Re: TTL, Versions and storing long history

Posted by Jonathan Gray <jl...@streamy.com>.
Jon,

Prior to 0.20, I would definitely recommend moving the time component to 
the keys, columns, and values.  Even after 0.20, I recommend doing that 
if you want complete control.  My personal philosophy is that versions 
are for versioning, and if you are really using them as a time dimension 
of individual data points, you should consider not using versions.
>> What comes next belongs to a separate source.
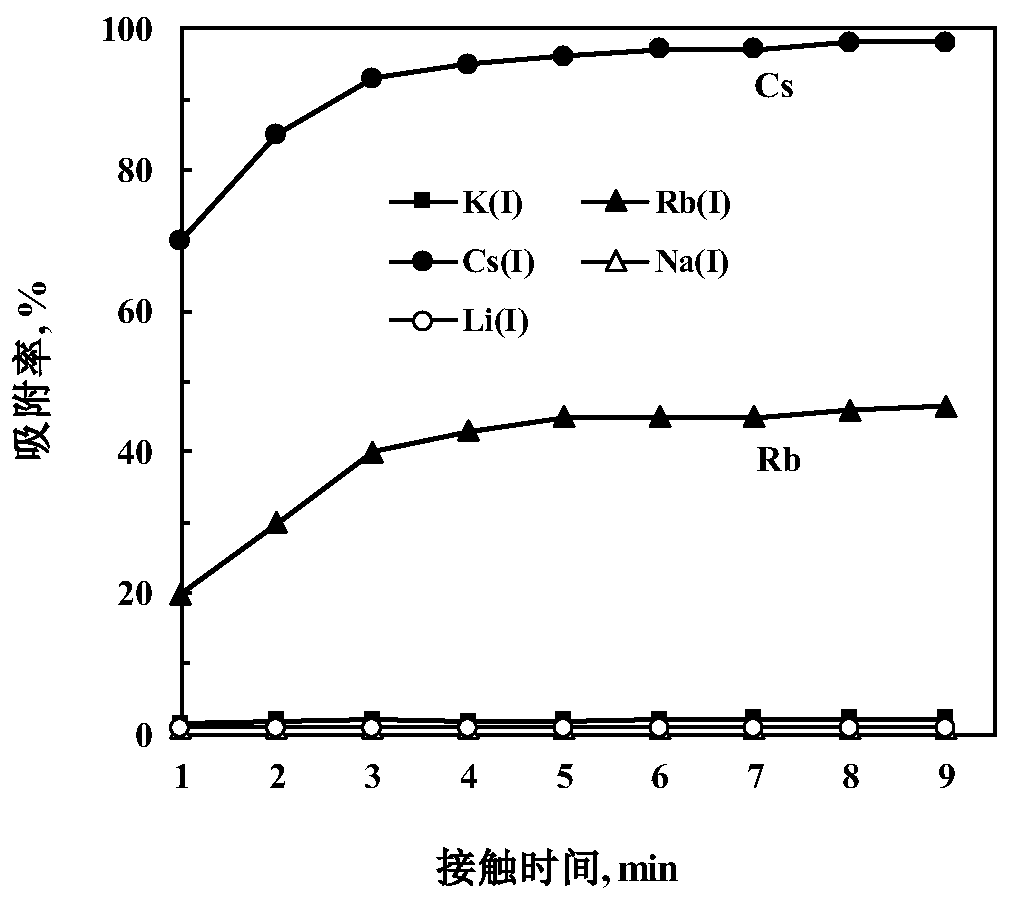 Method of adsorbing and separating rubidium and caesium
However, the API and server-side implementation for versions is greatly 
improved.  You can specify stamps manually and you can query for any 
range you want, gets and scans.

There is not currently a way to keep versions < x weeks old but always 
keep the latest version.  If you wanted to enforce something like that, 
you could always write a MapReduce job that ran periodically and 
enforced what you wanted.

If you want to keep history forever, the idea is to use the "big enough" 
values.  In practice, only since HBase 0.20 have we been able to handle 
millions of versions of a single column (Integer.MAX_VALUE is >2 
billion, far beyond the capabilities of HBase).  The same goes for 
TTL... 2 billion seconds is over 60 years.  Could also move everything 
to Long which would ensure there would never be an issue.  Will dig more 
and let you know.

In any case, you'll need 0.20 to fully take advantage of versions.

Hope that helps.

JG

Jon Schutz wrote:
> How do TTL and Versions specifications interact?  I'm guessing that the
> first limit reached applies, i.e. if TTL is 1 week and versions is 3,
> adding a fourth update to a data record would cause the first to be
> bumped even if it is less than a week old?  And if I only have 2
> versions but one is 2 weeks old, the expired one gets bumped even though
> the versions limit has not been reached?
> 
> Is there a way to say "Keep versions < x weeks old, but always keep at
> least the latest version, no matter how old?"
> 
> Suppose I want to keep the history about a particular object forever.
> Looks like TTL can be set to 'Forever' (-1) but Versions has no
> 'infinite' setting - I guess that's OK as in practice MAXINT is "big
> enough".  Would it be wise to use Hbase like this to maintain a history,
> or should I be adding a time component into the key and storing multiple
> records?  Can anyone help outline the pros and cons?
> 
> Thanks,
> 
>